新卒で特許事務所に入所したらどうなるか

梅澤先生の「弁理士・特許技術者として特許事務所に入所したらどうなるのか」という記事にインスパイアされたので、私自身の経験から新卒で特許事務所に入所したらどうなるかについて解説します。

1.なぜ新卒で特許事務所に入所したのか

私は大学で生物学を専攻としていたのですが終わらない実験の毎日が嫌になり、早々に研究者および技術者としてのキャリアをあきらめました。そして当時浅はかにも楽に稼げると思っていた弁理士を目指すことにしました。

それならキャリアのスタートは特許事務所ではなく企業でもよいじゃないかと思われるかもしれませんが、当時の私は弁理士試験にうつつをぬかして真面目に就職活動をしていなかったせいか企業からの内定が得られませんでした。このため特許事務所に新卒で入るという当時でも稀な選択を迫られました。

2.圧倒的若手

新卒で入所した場合、事務所では圧倒的な若手です。特に当時の事務所の特許技術グループは平均年齢が40歳以上だったのではないかと思います。

これだけ年齢差があると大変かと思われるかもしれませんが、当時の事務所の皆さんには大変可愛がってもらえました。思えば新卒の初々しさが回りの人たちにとっても新鮮だったのではないかと思います。仕事を一生懸命するよりも、元気に挨拶をする、飲み会幹事をする、社員旅行で芸をする、飲み会で沢山飲む、ご飯をご馳走になった際には沢山食べるといったことで若手ならではの元気さをアピールしたほうが方が回りの方からの評価につながった気がします。

3.最初の仕事は英文チェック

何の仕事を最初に任せられるかは事務所そして本人のスキルによって大きく異なると思いますが、私が事務所に入って最初に任された仕事が内外用英文明細書の翻訳チェックでした。私は入所の時点である程度の英語が出来たのでその点を評価してもらったのかなと思います。

しばらくすると明細書作成の仕事もやるようになりました。ある程度明細書作成ができるようになったら出張そして発明者面談にも同行させてもらえました。しばらくすると一人で出張・発明者面談をさせてもらえるようになりました。初めて一人で大阪まで出張したときはものすごく緊張したことを今でも覚えています。

4.教育は上司次第

多くの特許事務所ではマニュアル化された新人教育制度がありません。新人教育は直属の上司によるOJTがメインとなります。このため新人教育は上司の教育方針に大きく依存します。私の上司は大変教育熱心だったので実務についてだけではなく、ビジネスマナー、営業方法まで指導してくれました。

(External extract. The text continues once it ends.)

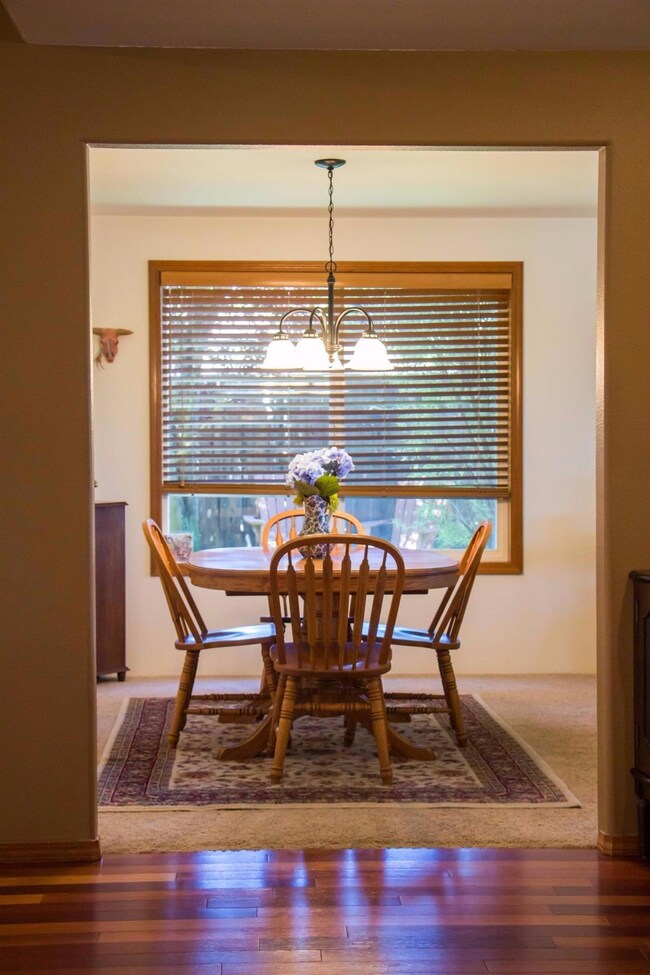 1360 Foxwood Dr, Medford, OR 97504 - photo 3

通常は特許事務所でここまでの教育を受けることが出来ないと聞きますので、この点私は非常に幸運だったと思います。

ただ上司による実務の教育は大変厳しかったです。お客さんに出すメールですら最初は真っ赤に添削され、メールを1通完成させるのに1日以上かかったことがあります。また当時の上司は平日は忙しかったので私の書面のチェックは週末にしてもらっていました。このため週明けの月曜日にはいつも私の机の上に上司によってボコボコにされた書面が置かれていました。これがあって月曜日に出社するのが凄い憂鬱でした。こういった指導が辛くて働き始めて最初の2年くらいは毎日20回ほど弁理士を辞めたいと思っていました。

5.新卒で特許事務所への入所をお勧めできるか?

一般的に新卒で特許事務所に入ることのはあまり推奨されていません。しかし弁理士としてのキャリアを最初から視野に入れているのであれば新卒で特許事務所も悪くないと思います。

まず弁理士・特許技術者として一人前になるには上述したような厳しいトレーニングを経る必要がありますが、これは体力的に恵まれ、そして吸収力の高い新卒の方が有利です。当時の私は上司の指導を耐えられましたが、30代であれば体力的そして精神的に耐えられなかったと思います。

また一般的に弁理士・特許技術者として1人前になるには特許事務所で3~5年の経験が必要と言われています。このため新卒で特許事務所に入った場合は20代後半という若さで1人前の弁理士・特許技術者に成れるということになります。現在の日本弁理士の平均年齢が50歳程度であることを鑑みるとこの若さは圧倒的な差別化要因になります。

さらにこの若さで一人前の弁理士・特許技術者になることができればその後のキャリアの選択肢も多様になります。例えば司法試験や外国弁理士資格にチャレンジする時間も十分にありますし、この若さであれば企業に転職することもできます。独立して色々と試行錯誤してみるこのとも可能です。

ただ特許事務所のデメリットは教育制度が脆弱であるということです。したがって自律的に学習すること、同僚や上司から良いところを素直に吸収することが特許事務所内で社会人として成長する上で重要になります。

このように既に弁理士としてのキャリアを視野に入れておりかつ自律的に学習できる方にとっては新卒で特許事務所に入ることもアリだと思います。

私自身は新卒で特許事務所に入って良かったと思っています。弁理士という職業に興味があってこれから就職活動という学生の方々の参考になれば幸いです。

また特許事務所で新卒の弁理士・特許技術者の指導を担当される立場になられた方は何卒大切に指導・育成して頂ければと存じます。若い方はこの業界にとって宝ですので。